Japan Marine Science and Technology Center,

2-15 Natsushima,Yokosuka 237-0061, Japan

Tel: 81-468-67-3891

Fax: 81-468-65-3202

shimadak@jamstec.go.jp

 

Margin of Arctic shelves is a key region where water mass exchange between shelf region and basin occours and where the Atlantic Water flows. Along shelf breaks, synoptic wind variability causes a upwelling or downwelling. Consequently, strong baroclinic/barotropic currents with strong horizontal and vertical shear are established. In the presence of such strong vertical and horizontal shear, the currents become unstable. Nonlinear evolution of unstable currents should play an important role on the water mass transportation and mixing in the Arctic Ocean. From another point of view, it is also likely that the mean topographically trapped currents are driven by the eddies-topography interactions and by the basin scale wave dynamics.

The first topics is focused the nonlinear evolution of unstable baroclinic boundary currents using the contour dynamics method. The nonlinear evolution was classified into three regimes, amplitude vacillation, vortex pair, and boundary trapped regime, according to the temporal behavior of the phase difference between upper and lower waves. The offshore transportation did not depend on the growth rate of the unstable wave but on the type of the nonlinear evolution. A theoretical explanation for the dynamics governing the nonlinear evolution was also given by a phase diagram analysis using a point vortex model.

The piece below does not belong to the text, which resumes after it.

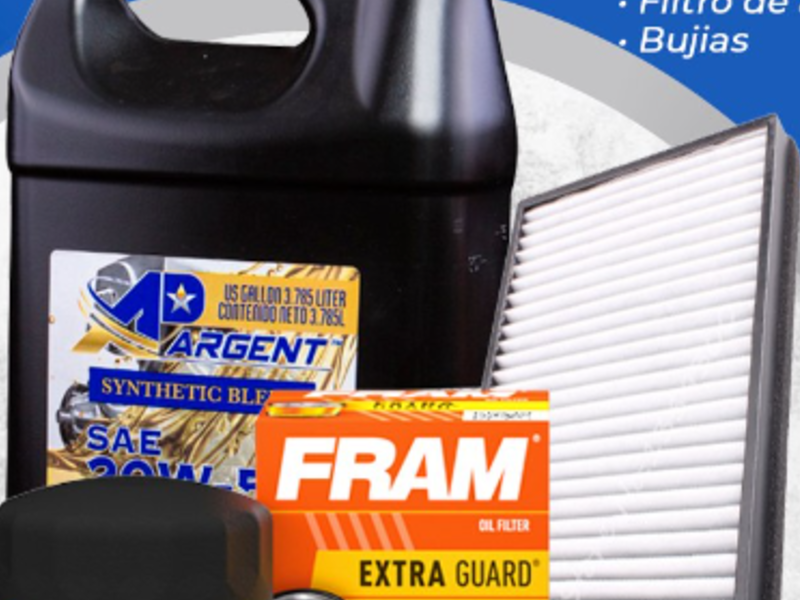 Filtro de aire Ciudad de Guatemala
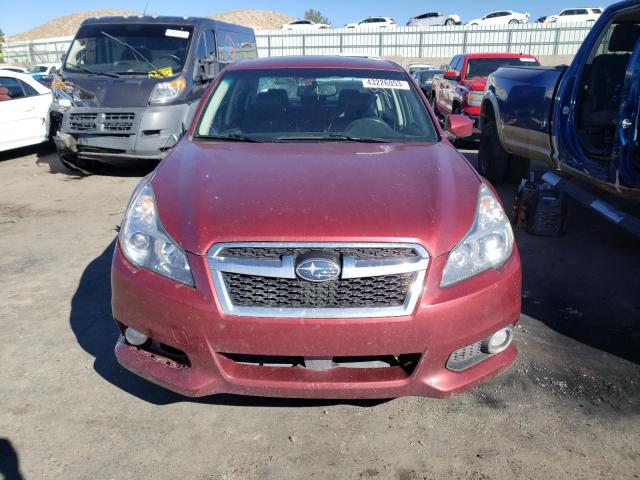 Photo 5 from auction – 2013 SUBARU LEGACY 2.5 with VIN 4S3BMCK63D3038407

The second topics is focused on features of the ocean currents in the southern Canada Basin of the Arctic Ocean. The data analysis were performed using an ADCP data of an Ice-Ocean Environmental Buoy (IOEB) during 1992-1994. The major results were as follows. The first was the spatial distribution of eddy kinetic energy. On the flat and deep Canada Basin off Alaska, the circulation was mainly governed by mesoscale eddies with its maximum kinetic energy in the cold halocline layer. In contrast, on the Northwind Ridge and Chukchi Plateau the activity of the mesoscale eddies considerably decreased and the circulation was governed by the seafloor topography from the upper cold halocline layer to the Atlantic layer. This implied that the eddy kinetic energy was converted into the energy of topographically trapped current. The second was a correlation between the seafloor topography and the horizontal velocity in the Atlantic layer. Based on the first result, the eddies-topography interaction (Holloway, 1992) was considered to be an important driving force for the Atlantic Water intrusion along the shelf breaks or the rim of sea mounts in the Arctic Ocean. The third was an intensification of both the barotropic and baroclinic current on the eastern slope of the Northwind Ridge. It could be established through interactions between the Rossby wave and seafloor topography. In addition, from the distribution TOPOSTROPHY which was an indicator how the current was parallel to the bathymetry, an evidence for a scattering of current around the complicated seafloor topography was shown.